Sixty-seven patients (38.9%) had an alternative diagnosis to PMR with the majority having an alternative rheumatological diagnosis (see Table 1). The non-PMR diagnoses included seropositive inflammatory arthritis (4), seronegative inflammatory arthritis (17), inflammatory myopathy (4), RS3PE (1), crystal arthropathy (2), reactive arthritis (2), sarcoidosis (1), polyarteritis nodosa (1), ANCA vasculitis (4), OA (17), fibromyalgia (FM) (3), OA/FM overlap (9), and paraneoplastic (2) including ovarian cancer and prostate cancer. Some 57.3% of the non-PMR patients required at least one further rheumatology consultation.

Patient characteristics

The mean age of this PMR cohort at diagnosis was 70.95 years [±7.95]. The baseline ESR in those with new PMR was 46.6 mm/h [±27.4] compared with 39.3 mm/h [± 27.1] in those with an alternative diagnosis to PMR (P = 0.11) (see Table 2). The mean baseline CRP in new PMR was 36.1 mg/l [±37.7] compared with 21.5 mg/l [±30.7] in those with an alternative diagnosis (P = 0.0018).
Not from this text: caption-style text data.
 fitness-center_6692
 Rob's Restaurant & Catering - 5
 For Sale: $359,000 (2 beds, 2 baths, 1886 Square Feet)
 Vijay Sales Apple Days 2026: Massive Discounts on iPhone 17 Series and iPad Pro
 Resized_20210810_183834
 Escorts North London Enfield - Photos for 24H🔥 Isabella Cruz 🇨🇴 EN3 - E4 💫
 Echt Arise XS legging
Some 89.5% of those with a clinical diagnosis of new PMR made by two consultant rheumatologists met the 2012 ACR/EULAR PMR classification criteria [15]. In addition, 71% of patients with a non-PMR diagnosis also met the classification criteria (P = 0.010), highlighting caution against use as a diagnostic criterion. The median (interquartile range) number of days from symptom onset until PMR diagnosis in the fast-track clinic was 63.5 [30–95] days. The PMR cohort had a mean of 2.5 other comorbidities, with a median Elixhauser Comorbidity Index score of 0. The most common comorbidities affecting >25% of PMR patients were hypertension (58%), hyperlipidaemia (51%), OA (30%) and obesity (27%). Significantly 14% had type 2 diabetes at the time of PMR diagnosis. A substantial amount of PMR patients (74%) were either overweight or obese (see Table 3). There was also a considerable smoking history with 8% being active smokers and 45% ex-smokers.
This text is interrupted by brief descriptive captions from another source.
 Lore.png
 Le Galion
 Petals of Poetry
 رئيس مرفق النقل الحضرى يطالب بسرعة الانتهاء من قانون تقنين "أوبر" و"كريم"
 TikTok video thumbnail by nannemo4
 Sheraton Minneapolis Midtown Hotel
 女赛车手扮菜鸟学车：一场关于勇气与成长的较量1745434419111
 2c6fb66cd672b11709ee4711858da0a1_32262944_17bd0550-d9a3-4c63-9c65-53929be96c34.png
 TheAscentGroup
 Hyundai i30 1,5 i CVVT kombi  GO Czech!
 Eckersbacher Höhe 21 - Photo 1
Utility of a PMR fast-track clinic

In total, 48 (57%) patients were steroid naïve at diagnosis and had a mean starting prednisolone dose of 16.77 mg [±6.14]. This was in comparison with a mean starting steroid dose of 23.18 mg [±10.06] in those who were established on steroid therapy by their primary care physician for <30 days before referral, P = 0.54. The mean cumulative steroid dose in these patients upon referral was 457.73 mg [±293.6]. Interestingly, of the 39 patients who were established on steroid therapy for <4/52 prior to referral, only 8 (20%) were on some form of bone protection, including vitamin D, calcium and/or a bisphosphonate. Of those with a final diagnosis of PMR, 25 (29%) had been trialled on a non-steroidal anti-inflammatory medication in primary care and 13 (15%) were prescribed an opioid medication before referral. The mean time from symptom onset to referral to the fast-track clinic was 11.43 weeks [±9.26]. Glucocorticoid-related adverse events were assessed over 12 months following diagnosis. A total of 53/84 (63%) patients experienced sleep disturbance secondary to steroid therapy, and 3/84 (4%) received a new diagnosis of type 2 diabetes mellitus. Four of 84 (5%) reported mood disturbance during treatment. Thirteen of 84 (15%) received antibiotics for infection, two had an episode of shingles during their treatment course, five (6%) suffered an osteoporotic wedge compression fracture and one patient had a low-impact humeral shaft fracture. Additionally, one patient had a non-ST elevation myocardial infarction, and one patient had a transient ischaemic attack. Five patients were diagnosed with malignancy identified in the fast-track PMR clinic during their PMR treatment (two colorectal cancers, one prostate cancer, one lung cancer and one neuroendocrine tumour), indicating a possible paraneoplastic cause for their PMR.

Ultrasound features

Vascular US was completed on all PMR patients. Some 17% of patients on glucocorticoid for <4 weeks before referral had US features of subclinical GCA at the time of diagnosis. The patients with subclinical GCA had a significant male predominance at 79% compared with 49% males in the PMR with normal vascular US group, P = 0.0388. The mean age of subjects with subclinical GCA in PMR was 70 years [±7.2], while those with pure PMR had a mean age of 71.1 years [±8.48], P = 0.65. Those with subclinical GCA in PMR had slightly more glucocorticoid exposure at 470.7 mg [±649.1] compared with those with isolated PMR at 457.7 [±293.6], P = 0.941; at the time of initial rheumatology review despite both groups having a similar time from symptom onset to rheumatology review at 11.43 weeks [±9.26] and 11.24 weeks [±11.91] for PMR and subclinical GCA in PMR, respectively. ESR was higher at baseline in those with subclinical GCA in PMR compared with their pure PMR counterparts at 54.9 and 44.4 mm/h, respectively, but this was not statistically significant, P = 0.20. There was no difference in baseline CRP levels between the two groups, P = 0.98.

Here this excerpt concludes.